Photograph: Gerard Bond
Photograph: Rusty Lotti
New clues from deep-sea sediment cores have revealed that earth's climate has shifted frequently and dramatically in a cycle of 2,000 to 3,000 years--abruptly dropping average air temperatures 5 to 10 degrees F and launching icebergs into the North Atlantic.
Evidence for such rapid and recurrent climate change was reported Feb. 17 by scientists from Columbia's Lamont-Doherty Earth Observatory in the journal Science and at a news conference at the annual meeting of the American Association for the Advancement of Science in Atlanta.
"We believe that this cycle has been in effect for tens of thousands of years and may still be operating today; if so, it's important to know where we now stand in it," Gerard Bond, senior scientist at Lamont-Doherty, said in an interview. "There is clear evidence that significant climate shifts can occur within a lifetime. It's important to determine the mechanisms that trigger them if we are to prepare for the potential effects."
Bond conducted the research with Rusty Lotti, curator of the Ocean Sediment Core Laboratory at Lamont-Doherty.
Analyzing sediments cored from the North Atlantic, the scientists found layers of tiny stones that had been frozen into the bases of advancing glaciers, carried out to sea, deposited on the ocean floor and buried by subsequent sediments. Regularly spaced layers of pebbly debris showed that between 38,000 and 10,500 years ago, "the amount of glacial ice discharged into the North Atlantic increased suddenly every 2,000 to 3,000 years," they wrote in Science.
Bond and Lotti discovered that these iceberg flotillas occurred much more frequently than previously believed and were launched simultaneously from more than one glacier surrounding the North Atlantic.

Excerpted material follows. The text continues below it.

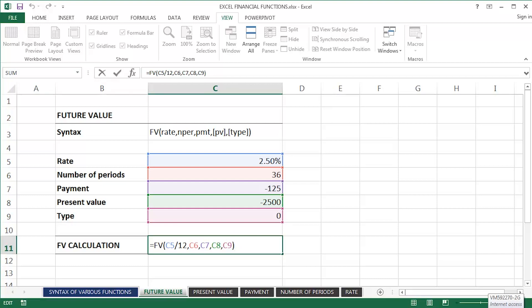I've got a monthly additional payment of £125, dollars, euros, whatever, and an initial investment of £2,500, again, pounds, dollars, euros, whatever currency you guys are using. The type is zero, which indicates that the payment is going to be at the end of the period.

The 2-3,000-year iceberg cycles also coincided precisely with rapid oscillations of regional air temperatures--as recorded in ice cores recently extracted on Greenland. Taken together, the evidence points to an as-yet unknown trigger that regularly caused regional air temperatures to drop and induced ice sheets to discharge icebergs at the same time.
The findings provide an intriguing new clue in the current, rapidly developing research effort to piece together how the earth's atmosphere, oceans and ice sheets interact to produce global climate change.
Evidence for iceberg armadas first appeared in 1988 when German scientist Hartmut Heinrich found six layers in North Atlantic sediment cores of white carbonate-rich stones that originated from North America. Each layer represented a massive discharge of icebergs that occurred every 7-10,000 years between 10,500 and 70,000 years ago. Each discharge is known as a Heinrich event.
In 1993, Bond and colleagues linked Heinrich events to rapid shifts in air and ocean temperatures, documenting a previously unrecognized link among ice sheets, ocean and atmosphere, leading to a theory that internal dynamics of the Laurentide Ice Sheet, which covered North America, created a cycle of growth and collapse that periodically launched iceberg armadas into Hudson Bay.
But last May, Bond and Lotti reported that glaciers in the northern and separate southern portion of the Laurentide Ice Sheet and in Iceland all discharged icebergs at nearly the same times. That challenged the theory that the Laurentide alone triggered the icebergs.
In their new research, Bond and Lotti did high-resolution analyses of the debris rafted out to sea by icebergs. They found small amounts of dark, glassy rock that they traced to volcanoes in Iceland, as well as layers of red-stained rocky particles that originated predominantly from the region around the Gulf of St. Lawrence. Traces of these dark and reddish particles appeared in Heinrich layers, but they were overwhelmed by much larger quantities of white carbonate grains and overlooked. Focusing on the layers of dark and red grains of rock, the Lamont-Doherty scientists found that icebergs were discharged into the Denmark Strait and Gulf of St. Lawrence at the same time every 2-3,000 years.
"Although Heinrich events were originally thought to be the dominant features of the North Atlantic's deep-sea record, our findings demonstrated that they are superimposed on the rhythm of the [2-3,000-year] ice-rafting events," the scientists wrote in Science. "The Heinrich events reflect another, slower rhythm tied to the massive [iceberg] discharges in Hudson Strait."
Searching for a trigger for the iceberg armadas, Bond and Lotti offered two hypotheses. In the first, another large sheet, whose dynamics have not yet been explored, may collapse every 2-3,000 years. Possible culprits are the sheets in Greenland, Barents Sea, Scandinavia, or even Antarctica, which still exist today. Icebergs cast into the North Atlantic would melt, creating a large influx of freshwater that changed ocean circulation patterns and caused abrupt shifts in the region's sea surface and air temperatures and spurred North American and Icelandic ice sheets to surge. Alternatively, a mechanism operating within the atmosphere-ocean system, such as an internal oscillation of the ocean's circulation, may have caused cyclical drops in air temperatures, which launched the iceberg armadas every 2,000 to 3,000 years.
The research was supported by the NSF and NOAA.